Creates a comparison and returns inconsistency statistics in the response.

Response includes:

{
  "id": "uuid",
  "project_id": "uuid",
  "feature_a": { /* Feature object */ },
  "feature_b": { /* Feature object */ },
  "choice": "feature_a",
  "dimension": "complexity",
  "created_at": "2025-12-03T10:30:00Z",
  "inconsistency_stats": {
    "cycle_count": 2,
    "total_comparisons": 45,
    "inconsistency_percentage": 8.89,
    "dimension": "complexity"
  }
}

Benefits: - Single HTTP request = faster UX - Immediate feedback after user action - Guaranteed consistency (same transaction)

GET /projects/{project_id}/comparisons/inconsistency-stats

Get inconsistency statistics without creating a comparison.

Use Cases: - Dashboard widgets showing inconsistency count - Polling for updates without submitting comparisons - Quick health checks of comparison quality

Parameters: - dimension (optional): Filter by "complexity" or "value"

Response:

{
  "cycle_count": 2,
  "total_comparisons": 45,
  "inconsistency_percentage": 8.89,
  "dimension": "complexity"
}

Example:

curl -X GET "http://localhost:8000/api/v1/projects/{id}/comparisons/inconsistency-stats?dimension=complexity" \
  -H "Authorization: Bearer {token}"

GET /projects/{project_id}/comparisons/inconsistencies

Returns detailed cycle information with feature names and IDs.

Parameters: - dimension (optional): Filter by "complexity" or "value"

Response:

{
  "cycles": [
    {
      "feature_ids": ["uuid1", "uuid2", "uuid3", "uuid1"],
      "feature_names": ["Feature A", "Feature B", "Feature C", "Feature A"],
      "length": 3,
      "dimension": "complexity"
    }
  ],
  "count": 1,
  "message": "Found 1 logical inconsistencies"
}

Example Usage:

curl -X GET "http://localhost:8000/api/v1/projects/{id}/comparisons/inconsistencies?dimension=complexity" \
  -H "Authorization: Bearer {token}"

GET /projects/{project_id}/comparisons/resolve-inconsistency

Suggests a comparison pair to help resolve detected inconsistencies.

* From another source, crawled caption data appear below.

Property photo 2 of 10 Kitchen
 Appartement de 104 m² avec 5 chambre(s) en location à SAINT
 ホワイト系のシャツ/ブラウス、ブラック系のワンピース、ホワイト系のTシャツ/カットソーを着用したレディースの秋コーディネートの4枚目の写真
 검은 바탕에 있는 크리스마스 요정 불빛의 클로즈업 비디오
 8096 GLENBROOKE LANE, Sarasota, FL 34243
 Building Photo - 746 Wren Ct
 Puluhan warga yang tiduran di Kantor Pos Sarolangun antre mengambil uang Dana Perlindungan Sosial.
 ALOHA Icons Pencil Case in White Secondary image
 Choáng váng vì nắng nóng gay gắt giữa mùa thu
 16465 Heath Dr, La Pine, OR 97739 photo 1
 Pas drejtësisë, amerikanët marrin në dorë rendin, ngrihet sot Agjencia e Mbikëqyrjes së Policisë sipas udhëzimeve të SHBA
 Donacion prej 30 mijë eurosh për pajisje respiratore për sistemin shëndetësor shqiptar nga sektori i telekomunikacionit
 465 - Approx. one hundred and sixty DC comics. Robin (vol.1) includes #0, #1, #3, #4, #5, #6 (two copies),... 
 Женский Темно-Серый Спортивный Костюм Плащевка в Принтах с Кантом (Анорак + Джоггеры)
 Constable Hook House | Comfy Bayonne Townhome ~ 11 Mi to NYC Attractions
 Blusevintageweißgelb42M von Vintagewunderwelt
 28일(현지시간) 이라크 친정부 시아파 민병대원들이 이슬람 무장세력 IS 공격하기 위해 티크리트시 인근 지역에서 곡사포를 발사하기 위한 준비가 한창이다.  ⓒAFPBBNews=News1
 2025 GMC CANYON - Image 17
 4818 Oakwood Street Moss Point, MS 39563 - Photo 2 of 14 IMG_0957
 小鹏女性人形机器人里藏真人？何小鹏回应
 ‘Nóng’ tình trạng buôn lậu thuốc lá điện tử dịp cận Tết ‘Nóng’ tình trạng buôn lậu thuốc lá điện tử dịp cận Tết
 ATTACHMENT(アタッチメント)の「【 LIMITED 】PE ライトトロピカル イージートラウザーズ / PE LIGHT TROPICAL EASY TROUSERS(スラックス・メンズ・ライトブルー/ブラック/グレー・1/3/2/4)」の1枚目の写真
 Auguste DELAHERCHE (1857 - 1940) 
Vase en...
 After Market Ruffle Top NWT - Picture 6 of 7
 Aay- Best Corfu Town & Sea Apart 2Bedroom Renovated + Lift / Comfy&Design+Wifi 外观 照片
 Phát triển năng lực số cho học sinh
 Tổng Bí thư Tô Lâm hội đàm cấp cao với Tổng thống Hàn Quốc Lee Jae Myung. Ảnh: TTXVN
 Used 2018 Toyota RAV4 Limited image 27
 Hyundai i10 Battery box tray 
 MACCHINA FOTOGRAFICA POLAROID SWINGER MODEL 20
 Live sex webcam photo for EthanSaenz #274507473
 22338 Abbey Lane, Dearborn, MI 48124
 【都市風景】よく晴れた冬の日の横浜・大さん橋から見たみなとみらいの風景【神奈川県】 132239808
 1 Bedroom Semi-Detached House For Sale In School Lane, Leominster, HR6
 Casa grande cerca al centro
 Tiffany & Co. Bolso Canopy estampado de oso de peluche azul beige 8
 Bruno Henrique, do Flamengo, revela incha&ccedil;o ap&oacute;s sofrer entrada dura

Strategy: Finds the "weakest link" in detected cycles - the comparison where the Bayesian model has highest combined uncertainty (σ_i + σ_j). Re-comparing this pair can help break the cycle.

Parameters: - dimension (required): "complexity" or "value"

Response: - 200 OK: Returns a comparison pair to re-evaluate - 204 No Content: No inconsistencies detected

{
  "comparison_id": null,
  "feature_a": { /* Feature object */ },
  "feature_b": { /* Feature object */ },
  "dimension": "complexity",
  "reason": "This pair is involved in a logical cycle and has high uncertainty...",
  "combined_uncertainty": 1.85
}

UI Integration Strategy

Hybrid Approach: Embedded Stats + Dedicated Endpoint

The implementation uses a hybrid approach combining the benefits of both patterns:

1. Embedded Stats (POST /comparisons response)

When: After user submits a comparison Benefit: Immediate feedback without extra HTTP request

// Frontend: Submit comparison
const response = await api.createComparison(projectId, comparisonData);
// Response includes inconsistency stats immediately
updateInconsistencyBadge(response.inconsistency_stats);

2. Dedicated Endpoint (GET /inconsistency-stats)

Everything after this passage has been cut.